More than 5.000 archaeological remains of over 14.000 years found in Molí del Salt site
Most of them lithic artifacts and faunal remains from different species. New evidences of mobile art, shell beads and several stones covered with red pigment have been also found.
The excavation season carried out in Molí del Salt (Vimbodí i Poblet, Conca de Barberà, Tarragona) until a few days ago has allowed more than 5.000 new archaeological remains to be recovered, most of them lithic artifacts and faunal remains from different species. New evidences of mobile art, shell beads and several stones covered with red pigment have been also found. Several hearths have been identified, suggesting that 14.000 years ago the Molí del Salt was a campsite occupied by nomadic hunters-gatherers.
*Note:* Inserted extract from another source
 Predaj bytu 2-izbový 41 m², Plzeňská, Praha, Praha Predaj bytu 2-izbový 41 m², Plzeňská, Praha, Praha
The lithic industry is made on flint and very well preserved. A broad range of tools used in domestic activities ¿ hide-working, butchering and carcass processing, bone artifact manufacture, etc ¿ has been recovered. Many lithic points used as hunting weapons have also been found. The mobile art pieces from this season, together with the fourteen found in previous years, are particularly noteworthy and make Molí del Salt the most important collection of Paleolithic art so far documented in Catalonia.
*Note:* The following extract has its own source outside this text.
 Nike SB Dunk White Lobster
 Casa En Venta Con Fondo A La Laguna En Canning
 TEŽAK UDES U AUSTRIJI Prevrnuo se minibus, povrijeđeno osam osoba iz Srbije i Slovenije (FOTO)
The archaeological research in the Molí del Salt is part of the project "Paleoenvironmental Change and Human Settlement in the Francolí, Gaià and Siurana basins and Camp de Tarragona streams", developed by the IPHES (Institut Català de Paleoecologia Humana i Evolució Social). In this season, a team made up of 10 people worked on the site, most of them students of the Erasmus Mundus Master in Quaternary Archeology and Human Evolution of the URV, and University of Barcelona (UB) students.
These works have been funded by the Departament de Cultura de la Generalitat de Catalunya and the Ajuntament de Vimbodí i Poblet.